The Tri-ang Minic Motorway system was introduced with electrically powered vehicles and expanded into a complementary system for the model railways. There were a number of associated buildings and interchange road & rail pieces, level crossings etc made to combine the two systems. Later more emphasis was placed on the racing cars etc. Production of Minic Motorways ceased in 1970.
Minic Motorways was a system of HO-scale road vehicles that followed a slot in a plastic roadway. The system aimed as far as possible for realism, and therefore the slot was as narrow as possible (about 1/8'') with brass conductors placed vertically at each side. The vehicles picked up power via a small wheel (called a Gimbal Wheel) on their underside, which was divided into two halves by an insulating flange. At some time in the 1960s this mechanism was replaced by a pair of vertically spring sliding pickups.
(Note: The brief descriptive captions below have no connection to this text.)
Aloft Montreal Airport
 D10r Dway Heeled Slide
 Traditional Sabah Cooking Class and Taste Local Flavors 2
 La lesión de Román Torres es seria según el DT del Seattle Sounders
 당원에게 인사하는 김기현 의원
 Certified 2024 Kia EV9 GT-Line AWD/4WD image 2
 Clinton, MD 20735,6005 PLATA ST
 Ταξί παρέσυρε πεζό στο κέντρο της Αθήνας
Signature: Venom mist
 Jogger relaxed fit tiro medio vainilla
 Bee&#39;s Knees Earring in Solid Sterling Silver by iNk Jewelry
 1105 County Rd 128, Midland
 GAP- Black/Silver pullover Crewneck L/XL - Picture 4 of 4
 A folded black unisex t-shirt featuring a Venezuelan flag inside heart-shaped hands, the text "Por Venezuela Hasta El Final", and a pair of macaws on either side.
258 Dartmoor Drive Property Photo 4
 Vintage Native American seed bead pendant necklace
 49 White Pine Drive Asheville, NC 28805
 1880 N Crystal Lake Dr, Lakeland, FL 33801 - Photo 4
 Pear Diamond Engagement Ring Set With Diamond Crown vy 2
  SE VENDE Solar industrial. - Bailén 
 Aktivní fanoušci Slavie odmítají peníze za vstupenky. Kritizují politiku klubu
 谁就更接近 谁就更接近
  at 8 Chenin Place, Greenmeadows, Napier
This design differed from that of electric racing car systems such as the same company's Scalextric, in which the electrical conductors were spaced more widely apart on each side of the guide slot, and were hence more stable.
Vehicles were controlled by a hand-held controller, which had a thumb-operated speed control plus a rotating reversing switch.
Between the years 1963 and 1965, Tri-ang introduced a miniature 10.25'' gauge 'garden' railway entitled the 'Tri-ang Minic Narrowgauge Railway (TMNR)' produced by the Minic factory in Canterbury, Kent, England.